On my way home from Cuba the other day — Havana via Montreal — I had all my souvenirs confiscated at the US-Canada border. I’d spent a week in Castro country and had loaded up on about $75 worth of T-shirts and small gifts. Instead of lying to the customs officials and saying I’d been in Montreal visiting friends, which would have been easy enough, I decided to tell them the real story: I’d gone to Cuba on an assignment for a golf magazine. Good-bye, T-shirts.
I’m not really blaming the rules-bound customs guys at the border checkpoint north of Burlington, Vt. US law says that any goods purchased in Cuba — with the strange exception of literature — must be confiscated. “You should have checked the State Department website,’’ one of them told me, and he was correct. But setting my own travel sloppiness aside, the law that says you can’t bring home a small bag of gifts from Cuba is absurd. If I remember right, we lost 58,000 good Americans in Vietnam, and 40 years later you can bring home just about anything from that nation. China, Russia, Albania, Burma, the dictatorships of Africa — please, spend some money there, bring home souvenirs for your kids.
But don’t spend a peso in Cuba.
Why? Because wealthy and politically well-connected Cuban Americans — most of them in the Miami area — are still furious about what happened in 1959. Some of them are friends of mine. I know their story well and don’t blame them one bit for being angry. Even allowing a 25 percent discount for nostalgic exaggeration, it’s true that those families had a very nice life in Cuba before the revolution. Many of them worked hard for that life and that property, and it was taken away from them with no compensation. Show me someone among us who would not be angry about that.

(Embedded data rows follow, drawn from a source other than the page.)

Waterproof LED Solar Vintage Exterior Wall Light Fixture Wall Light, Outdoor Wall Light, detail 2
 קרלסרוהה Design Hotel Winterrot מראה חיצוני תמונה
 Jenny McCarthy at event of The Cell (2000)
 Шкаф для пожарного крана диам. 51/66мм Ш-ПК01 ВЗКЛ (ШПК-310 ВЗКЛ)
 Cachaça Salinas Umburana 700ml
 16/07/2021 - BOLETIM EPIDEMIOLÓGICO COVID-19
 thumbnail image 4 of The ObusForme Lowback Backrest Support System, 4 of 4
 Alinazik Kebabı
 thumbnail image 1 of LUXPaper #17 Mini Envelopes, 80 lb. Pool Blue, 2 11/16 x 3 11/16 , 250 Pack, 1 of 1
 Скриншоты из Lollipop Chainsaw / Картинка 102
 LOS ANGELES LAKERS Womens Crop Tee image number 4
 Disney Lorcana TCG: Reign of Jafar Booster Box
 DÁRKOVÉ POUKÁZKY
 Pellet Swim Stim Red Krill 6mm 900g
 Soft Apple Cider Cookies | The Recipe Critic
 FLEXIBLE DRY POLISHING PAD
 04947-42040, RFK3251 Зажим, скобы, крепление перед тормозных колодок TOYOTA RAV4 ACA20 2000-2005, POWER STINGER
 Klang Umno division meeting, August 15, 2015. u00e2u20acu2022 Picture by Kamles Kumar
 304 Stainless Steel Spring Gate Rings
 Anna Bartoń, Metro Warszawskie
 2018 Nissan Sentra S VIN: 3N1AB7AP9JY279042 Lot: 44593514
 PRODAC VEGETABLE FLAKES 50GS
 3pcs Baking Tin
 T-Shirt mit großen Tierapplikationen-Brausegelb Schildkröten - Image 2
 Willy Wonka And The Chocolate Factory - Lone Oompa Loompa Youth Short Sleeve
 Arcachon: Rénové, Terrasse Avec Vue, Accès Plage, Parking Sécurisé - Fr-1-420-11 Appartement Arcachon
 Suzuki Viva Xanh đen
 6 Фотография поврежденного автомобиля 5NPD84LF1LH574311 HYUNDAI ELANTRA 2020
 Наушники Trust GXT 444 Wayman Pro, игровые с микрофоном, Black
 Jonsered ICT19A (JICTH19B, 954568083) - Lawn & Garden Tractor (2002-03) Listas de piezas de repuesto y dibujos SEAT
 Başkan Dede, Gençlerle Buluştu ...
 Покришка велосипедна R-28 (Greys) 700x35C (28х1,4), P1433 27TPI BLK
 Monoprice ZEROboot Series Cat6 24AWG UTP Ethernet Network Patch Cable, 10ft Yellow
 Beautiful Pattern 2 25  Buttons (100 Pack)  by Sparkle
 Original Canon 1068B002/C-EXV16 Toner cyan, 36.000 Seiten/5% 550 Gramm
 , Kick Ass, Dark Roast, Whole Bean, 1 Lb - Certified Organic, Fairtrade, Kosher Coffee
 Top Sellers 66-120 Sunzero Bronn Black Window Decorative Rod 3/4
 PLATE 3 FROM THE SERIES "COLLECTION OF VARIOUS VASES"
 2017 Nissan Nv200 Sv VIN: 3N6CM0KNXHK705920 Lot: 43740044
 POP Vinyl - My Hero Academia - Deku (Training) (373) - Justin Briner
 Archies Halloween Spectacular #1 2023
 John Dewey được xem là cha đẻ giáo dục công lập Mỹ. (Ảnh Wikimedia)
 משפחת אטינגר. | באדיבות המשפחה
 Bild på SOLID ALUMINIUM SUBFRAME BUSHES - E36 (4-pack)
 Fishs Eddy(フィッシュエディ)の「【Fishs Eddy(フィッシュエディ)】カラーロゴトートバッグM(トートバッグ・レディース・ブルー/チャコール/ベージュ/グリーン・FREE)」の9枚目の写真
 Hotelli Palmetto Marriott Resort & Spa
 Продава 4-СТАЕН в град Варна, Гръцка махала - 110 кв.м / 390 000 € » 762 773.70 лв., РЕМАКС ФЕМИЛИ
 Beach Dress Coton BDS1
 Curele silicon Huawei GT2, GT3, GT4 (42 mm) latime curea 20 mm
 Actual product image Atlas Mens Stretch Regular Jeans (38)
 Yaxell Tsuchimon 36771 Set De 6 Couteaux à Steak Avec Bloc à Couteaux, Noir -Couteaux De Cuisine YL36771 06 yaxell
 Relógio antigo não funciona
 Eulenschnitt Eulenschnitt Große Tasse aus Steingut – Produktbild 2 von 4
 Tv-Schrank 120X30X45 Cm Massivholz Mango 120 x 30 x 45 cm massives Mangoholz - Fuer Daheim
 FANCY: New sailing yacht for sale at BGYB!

So for the last 54 years the Cuban diaspora has pressured elected officials to insist we do no business with Cuba, and they have done this in order to punish Fidel Castro. The irony, of course, is that the embargo did not loosen Castro’s hold on Cuba. In fact, he cleverly used it to his own advantage: Support me against the American demons! And his brother is playing basically the same game.
Of course, it’s more complicated than that. For one thing, Cuba before the revolution may have been paradise for certain families, but it was hellish for others. Our pal Fulgencio Batista was as corrupt as the Cuban waters are warm. Now, if nothing else, there is an adequate health care system and universal literacy.
But spend three days walking every street in Old Havana as I just did, and you’ll encounter some of the saddest scenes on earth, a museum of poverty with glorious, tattered, colonial architecture as background. Ride out into the suburbs and you’ll find the squalor of Soviet-style apartment buildings. Rust-stained, poorly built, aesthetically bankrupt — no one should live in such monstrosities.
To my kind, far-left friends: I’m sorry, but this is not what a success story looks like.
And to my angry far-right friends in the Cuban American community: The people you have hurt are your own people. At this point the best revenge you could take on the Castro boys and their revolution is to let Americans flood the place, let Cubans understand precisely what they don’t have, and could have, and should have, in the way of material comfort and freedom of movement and speech. Open the door and let the air in and the ridiculous propaganda signs SOCIALISMO O MUERTE will soon be blown away. True, there is poverty on other Caribbean islands with no socialism and no Miami lobby. But Cuba is richer in resources and history. It deserves better than to be a victim of dueling egos, wounded pride, and stubbornness. Like Castro’s Marxist experiment, what the United States has done for the past 54 years has not worked. Kids can’t get needed medicine, adults can’t leave — that’s what the embargo and Castro communism look like. On our side, at least, let’s try something new.